When you start getting that visceral deja-vu dilution ick from slop or just a scene getting derivative and samey, that's what prompts head-snapping invention of brand new sounds that seek clear-blue water between themselves and the slop.
https://igloomag.com/profiles/five-questions-with-rafael-ant...
> In this day and age, it is incredibly challenging to start a label. Streaming has massively depleted the revenue potential for artists and labels, and even those with a good following are struggling. For those starting out, it’s an uphill battle to build an audience and be successful.
> Only a small percentage of songs make a decent amount of money with streaming, so recording budgets for independent artists are next to none. I remember when an album had the support of a team of people devoted to realizing the artist’s vision. Something magical happens when you get that collaboration of people working together to achieve the same goal. Nowadays the artist/producer does the recording, the mixing, and in some cases, even the mastering. Consequently, the production quality has declined drastically over the last decade, and it’s not helped by how most people consume music (illegally downloading it, YouTube lo-fi, or paid streaming subscriptions) but rather contributes to the decline.

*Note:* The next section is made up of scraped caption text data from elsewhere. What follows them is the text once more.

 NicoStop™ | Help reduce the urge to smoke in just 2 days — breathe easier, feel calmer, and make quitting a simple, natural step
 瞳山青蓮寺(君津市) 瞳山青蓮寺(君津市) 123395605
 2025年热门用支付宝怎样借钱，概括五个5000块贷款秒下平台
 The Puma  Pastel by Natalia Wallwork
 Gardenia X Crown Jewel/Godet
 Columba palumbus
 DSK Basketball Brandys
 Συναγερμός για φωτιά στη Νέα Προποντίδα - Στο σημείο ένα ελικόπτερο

> For those who remember the world before streaming took over, this is a very different one in which we now live. Music is no longer the product being marketed or sold, instead, it’s the listener’s data. The artist is a “brand” and they create “content.” We are in a time where we are constantly bombarded with “content” on social media and streaming platforms. Take the so-called “Spotify Ambient.” This sound has become watered down and generic, thanks partly to all the Muzak clearing houses creating material for most of the “sleep” and “stress relief” style of playlists.

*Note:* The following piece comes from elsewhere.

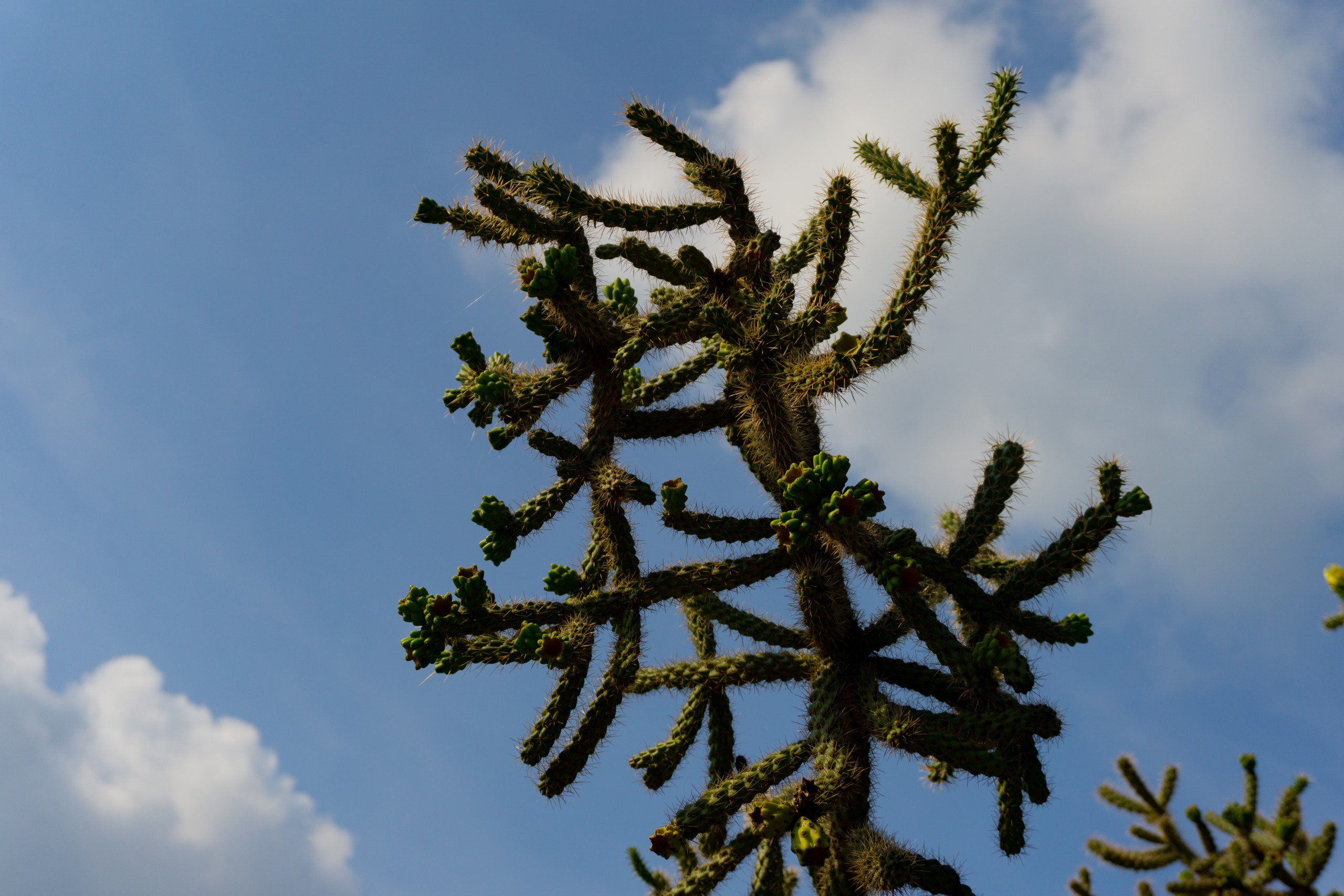 Cactus family plant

> Whenever an actual artist shows up on those playlists, let’s say the great Otto A. Totland for example, you can immediately hear the difference between his music and Muzak. Otto writes music that conveys rich and nuanced emotions with many layers of meaning. His music wasn’t solely written for the sake of playlisting it. His music was written because it genuinely meant something special to the composer. Muzak clearing houses have been discussed ad nauseam in many industry exposés about “Spotify fake artist” trends with companies like Epidemic Sound and their catalog of ambient rip-offs.

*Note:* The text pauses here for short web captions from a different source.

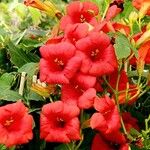 Campsis grandiflora Libunga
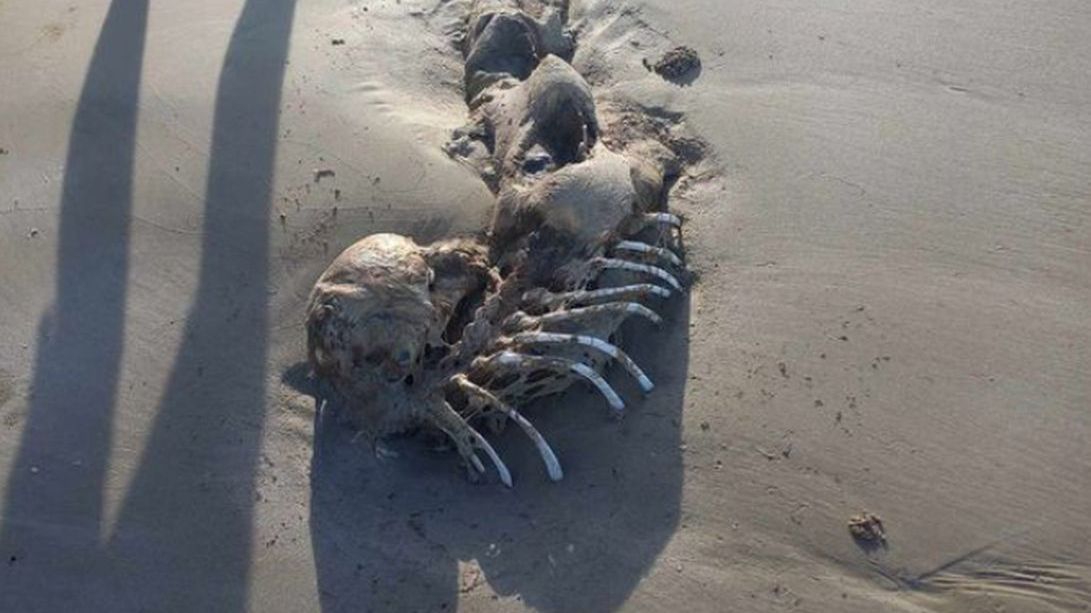 Kobieta zamieściła zdjęcie stwora w Internecie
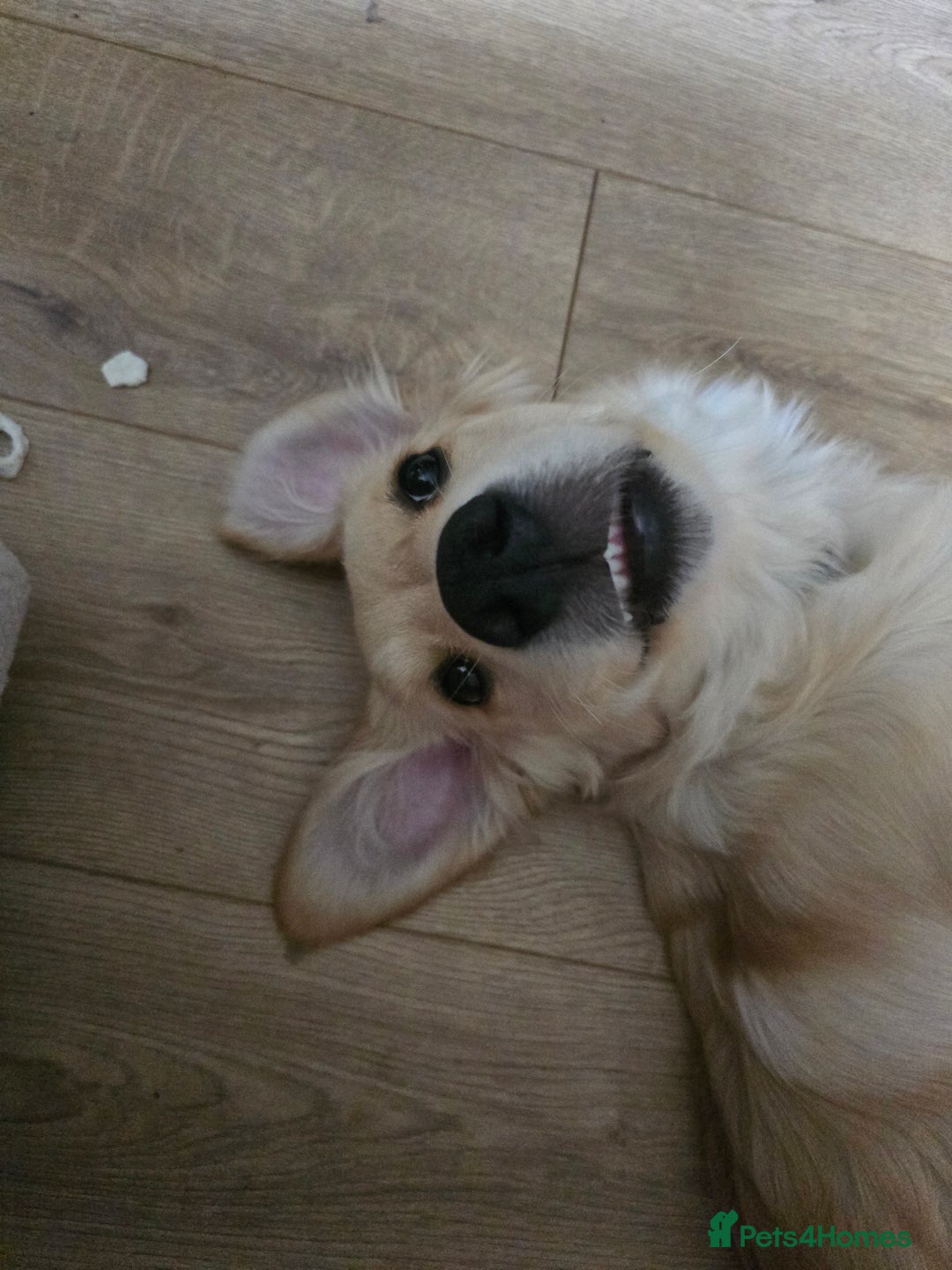 Golden Retriever dogs for sale: 1 Male Golden Retriever Puppy - Image 3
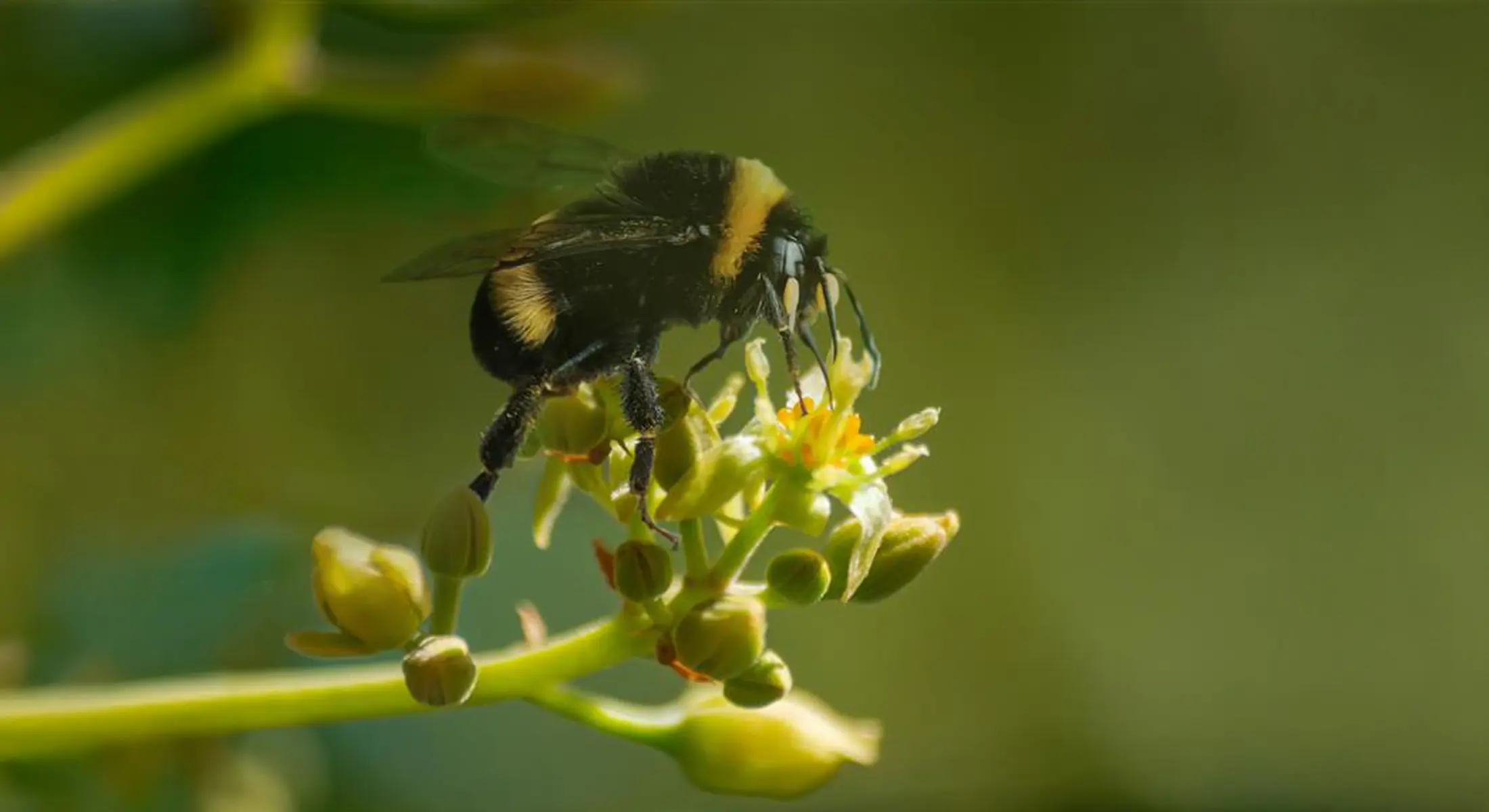 Biobest reports up to 50% yield increase in avocado trials with bumblebee pollination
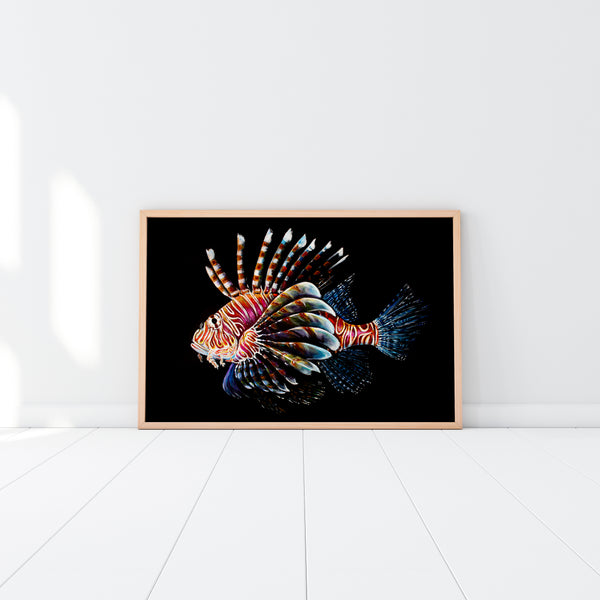 Lionfish (Limited Edition Print 1/25)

> Some companies exist solely to create content for playlists. Think about that for a moment! Composer staff are paid to make royalty-free clones of well-established artists. The companies see which songs are performing well on Spotify-curated playlists, and the clearing house creates a similar-sounding song so Spotify can remove the original from their curated playlist without paying royalties. This practice exists in advertising, when agencies create music for an ad “inspired by” (i.e. ripping off) the music they don’t want to pay the licensing fee for. Somehow, this is legal. You end up with “artists” like Jonci (yes, that’s Jónsi with a “C”) who have millions of plays, sounding exactly like Sigur Rós, and you have zero information about the artist.
> Clearing houses can now easily create thousands of meaningless ambient-adjacent tracks to be put on playlists with the unsuspecting consumer having no idea. AI technology makes this all even easier. The lack of credits on streaming platforms is another massive problem, particularly for music workers like myself who depend on album credits/credentials to generate business and get gigs as engineers, producers, etc. The music is stripped of production, artwork, recording, mixing, and mastering credits. I could go on, but the point is that there are many challenges for artists, labels, mastering engineers, and anyone making music now.